Rebecca:I mean. What I will say is that I think right now, founders and CEOs have a bulk of resources to choose from. So there are I think the economic downturn in the tech industry has a lot of senior level marketers who are available and are recognizing hey, there's a different way that I could deliver my expertise. So there are just there are so many people who have very specific knowledge. So first I'd look at like, all right, broadly, do I have a B2B model or do I have a B2C model? Then you can kind of carve the pool by that. And then also, what is my go-to-market model? Do I have kind of a product-led growth motion? Do I have a marketplace offering? Do I have a sales-driven go have a sales driven go to market motion. Is it a marketing driven? Go to market motion. Am I big on e-comm? So with that, I think you're going to have marketers who have different skill sets and expertises in any one of those layers. And then also, what stage of growth are you in? There are marketers out there who I mentioned earlier are like great at that super early stage, that growing from like zero to one and building the playbook. And then there are some who are better at the scaling stage that, okay, I do want to do some of the figuring out, but then I want to help you scale one to end. And then there are those that have kind of that big company experience that are going to help you get from 20 million to 100 million. So I think you can start there, ask some of those questions.

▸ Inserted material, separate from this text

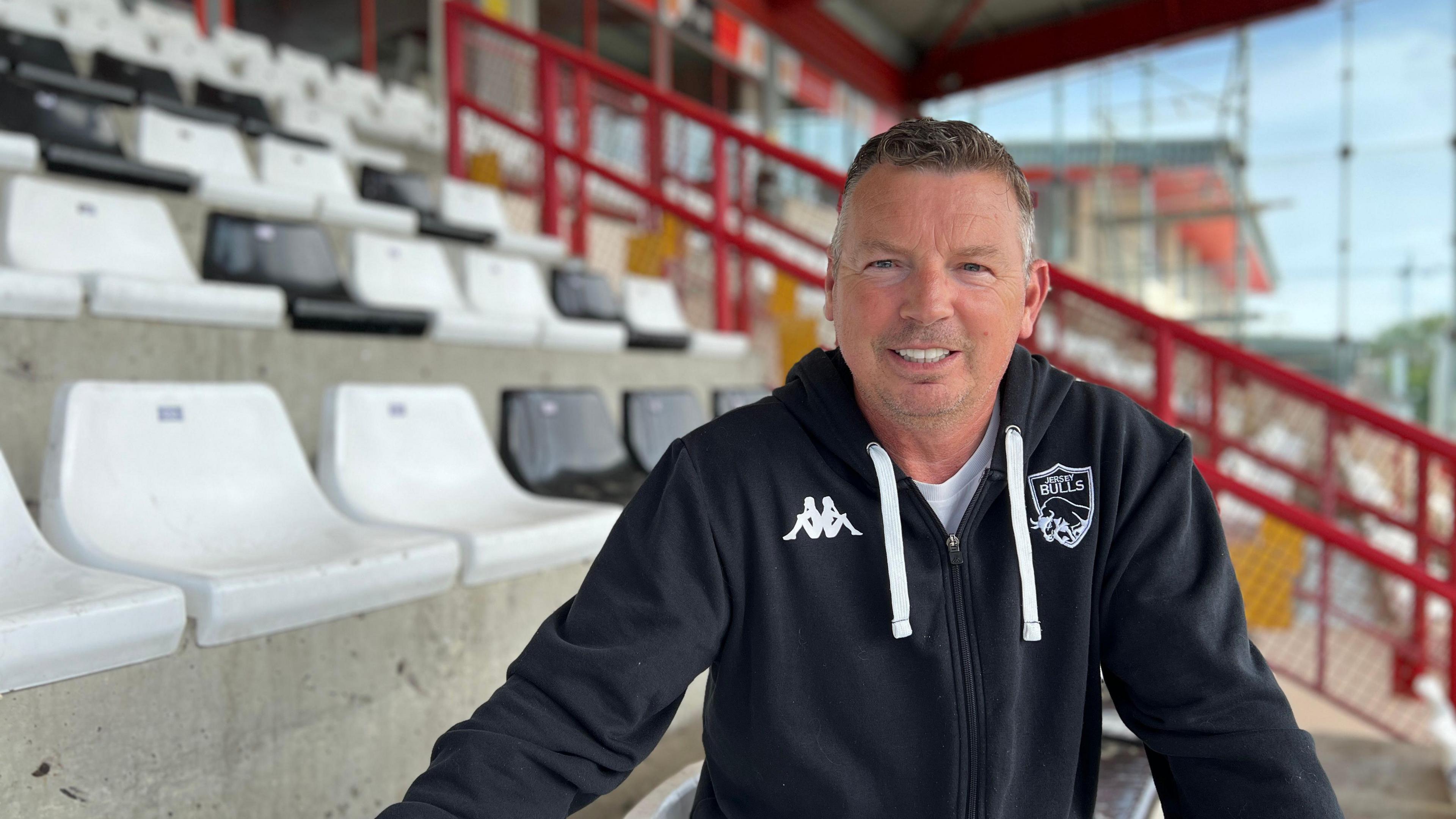 Adie smiles at the camera as he sits in the football stands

Rebecca:And then there's also the differences in delivery model. So the same fractional resource oftentimes has a few different offerings. So I, specifically, I may start with a client on like an audit type basis. Let me just take a look at what you've been doing in all of your marketing and give you an evaluation of that. And it's a great kind of try before you buy approach to hiring a fractional. Okay, great, let's get some experience without hooking me into the ongoing relationship of a monthly retainer. So that could be like a project basis that then may grow into great. I want a true fractional CMO where I'm going to engage their services for one or two days a week on an ongoing basis. Then maybe I don't have the budget for that, but I do want the ear of a senior strategic leader. So maybe I hire them for advisory services only, and advisory services versus full fractional CMO you might be looking at a couple thousand a month versus eight to $10,000 a month could be an investment benchmark there. So yeah, different delivery models there that you can consider.
Calvin:Okay, and then, once you've selected a fractional CMO, what does the business owner really need to do to support that engagement, to make sure that it's successful?

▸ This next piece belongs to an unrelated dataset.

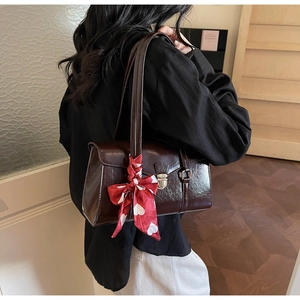 Détail du sac à main marron foncé brillant avec boucle en métal et foulard à cœurs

Rebecca:Yeah. So I think some of it is making sure one there's kind of proper documentation happening, right? So if there is a funnel that the marketing team is building on the front end, let's just make sure that the sales team is following up on the back end and that there's documentation in whatever your CRM system is, so that there is kind of that continuous loop of information so that marketing can learn and optimize everything that they're doing. Okay, we wanna do more of what's working and less of what isn't, and you can only do that if there is the proper data infrastructure in place. I think you should rely on your fractional resource, share knowledge with them.
Rebecca:So if you have questions about something, if you have ideas, make sure there's space in your engagement to be sharing those with the fractional resource, while keeping in mind, I think, one thing that trips up many business owners is that they hire a fractional resource but then they want the value of a full-time resource, and that there's always going to be the balancing act there of okay, this person is fractional, the full-time resource. Sure, invite them to every single meeting. Person is fractional, the full-time resource. Sure, invite them to every single meeting. The fractional resource. Okay, I need to do a better job of synthesizing the information that I'm getting from the broader organization and then sharing it with the fractional resource in more abbreviated fashion.
Calvin:Right. So you mentioned some of the differences between the fractional and the full-time model, right, the time availability, how complex a marketing operation they can manage and some other things. But if you could kind of highlight the differences between what you can expect from a fractional versus a full-time and if there are any kind of milestones or benchmarks where the business owner should realize maybe it's time for me to consider a full-time position.
Rebecca:Business owner should realize maybe it's time for me to consider a full-time position. Yeah, I think in an ideal relationship, your fractional is going to come to you and say okay, I think we've outgrown this step. Great, I got you to this place. Now it's time for you to move on. But what I'd say you should be looking for again. So some of it may be the complexity that you are dealing with from a marketing execution standpoint.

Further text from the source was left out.